A 90-year-old woman from Northern Ireland became the first person in the world to receive the Pfizer/BioNTech COVID-19 vaccine out of a trial as the United Kingdom's mass vaccination program began on Tuesday, but the promised imminent delivery of millions of doses of the Oxford University/AstraZeneca vaccine is going to be significantly reduced in size and initial batches will have to be imported, rather than made in the UK.
Margaret Keenan, who turns 91 next week, was given the jab at University Hospital, Coventry, and called it the "best early birthday present".

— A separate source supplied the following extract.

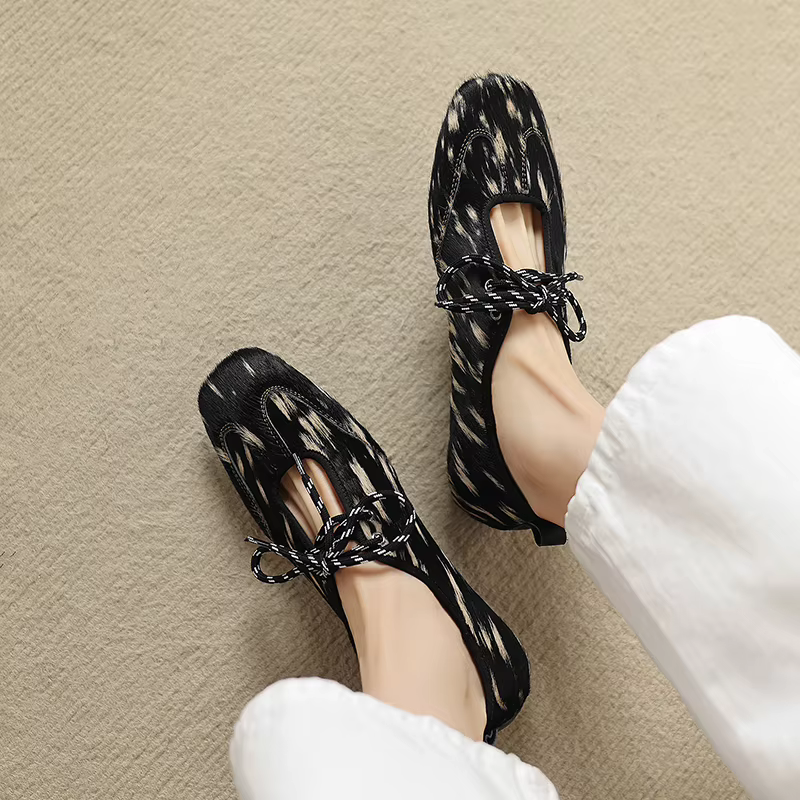 Animal Print Mary Jane Flats — image 6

Around 800,000 doses should be given over the coming weeks, with over-80s and selected health and care staff at the front of the queue, and up to four million doses distributed by the end of the month.
"I feel so privileged to be the first person vaccinated," said Keenan. "It means I can finally look forward to spending time with my family and friends in the new year after being on my own for most of the year," she said.
"My advice to anyone offered the vaccine is to take it. If I can have it at 90, then you can have it too."
England's Chief Medical Officer Chris Whitty called it "a great day for medical science, and for the future".
Chaand Nagpaul, chair of the British Medical Association, told Sky News that the first vaccination was a "landmark moment" in combating this virus.
"But we need to be honest in that this is going to pose a huge logistical challenge for our health service," he added. "More public health advice needs to be put our because this really is fundamental to how you treat a viral pandemic… so there are quite a lot of challenges ahead."
The news about the other soon-to-be dispensed vaccine, however, is not so good.
Earlier this year, the government vaccine task force said it hoped that around 30 million doses of the Oxford vaccine would be made in the UK by the end of the year, and it was reported that they had suggested the packaging should carry the union fl ag. But now the reduced number of early doses will have to be imported from Germany and the Netherlands.
"There have been some (UK manufacturing) challenges," said Ian McCubbin, the task force's manufacturing lead, told a media briefing on Monday. "That's why there is a little delay in the delivery of the doses."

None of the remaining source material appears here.